Striking a deadly blow to the Chinese tech champion, Huawei, the Donald Trump administration expanded its sanctions on the firm, a move aimed at further limiting the tech giant's access to computer chips and other technology.
"We don't want their equipment in the United States because they spy on us," Trump said on Monday.
"And any country that uses it, we're not going to do anything in terms of sharing intelligence," Trump added.
The Commerce Department's new rules, rolled out Monday, will further block Huawei from accessing chip technology. A statement from the Commerce Department added 38 Huawei affiliates around the world to the "entity list," claiming that the company was using international subsidiaries to circumvent the sanctions which prevent the export of US-based technology.
Washington cut off Huawei's access to US components and technology, including Google's music and other smartphone services in 2019.
Those penalties were tightened in May when the White House barred vendors worldwide from using US technology to produce components for Huawei.

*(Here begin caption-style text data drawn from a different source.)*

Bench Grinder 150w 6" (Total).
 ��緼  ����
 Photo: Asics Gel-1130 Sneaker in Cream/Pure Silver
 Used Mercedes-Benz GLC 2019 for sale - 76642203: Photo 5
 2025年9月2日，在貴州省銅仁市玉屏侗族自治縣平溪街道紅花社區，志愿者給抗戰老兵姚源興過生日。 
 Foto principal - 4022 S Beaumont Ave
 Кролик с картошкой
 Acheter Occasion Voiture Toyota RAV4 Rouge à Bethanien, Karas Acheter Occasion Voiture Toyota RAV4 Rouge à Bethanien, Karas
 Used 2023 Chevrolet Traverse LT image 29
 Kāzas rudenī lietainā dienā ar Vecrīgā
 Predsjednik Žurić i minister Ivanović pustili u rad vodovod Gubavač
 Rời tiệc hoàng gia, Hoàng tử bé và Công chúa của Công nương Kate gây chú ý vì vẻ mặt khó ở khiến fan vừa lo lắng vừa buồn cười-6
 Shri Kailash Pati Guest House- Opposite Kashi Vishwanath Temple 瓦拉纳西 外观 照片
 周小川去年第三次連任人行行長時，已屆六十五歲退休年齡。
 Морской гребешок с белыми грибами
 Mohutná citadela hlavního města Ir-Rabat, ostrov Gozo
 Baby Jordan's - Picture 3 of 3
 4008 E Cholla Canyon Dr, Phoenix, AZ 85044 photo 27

A Huawei executive said this month that the company has started running out of processor chips to make smartphones as a result of those sanctions, and may have to stop production of its own advanced chips.
But the Commerce Department said Monday that more restrictions were needed because Huawei has "continuously tried to evade" the earlier sanctions by using technology supplied by third parties.
New rule is designed to block Huawei's access
The new rule is designed to block Huawei's access to commercially available chips made with tools acquired from the US.
"The new rule makes it clear than any use of American software or American fabrication equipment to produce things through Huawei is banned, and requires a license," Commerce Secretary Wilbur Ross told Fox Business on Monday.
"It's really a question of closing loopholes to prevent a bad actor from access to US technology, even if they try to do it in a very indirect, very tricky manner."
Huawei has been at the center of rising US-Chinese tensions over technology and security.
Donald Trump took credit for Britain's recent move to backtrack on plans to give the company a role in the UK's new high-speed mobile phone network.
"We said we love Scotland Yard very much but we're not going to do business with you because if you use the Huawei system that means they're spying on you," Trump said. "That would mean they're spying on us."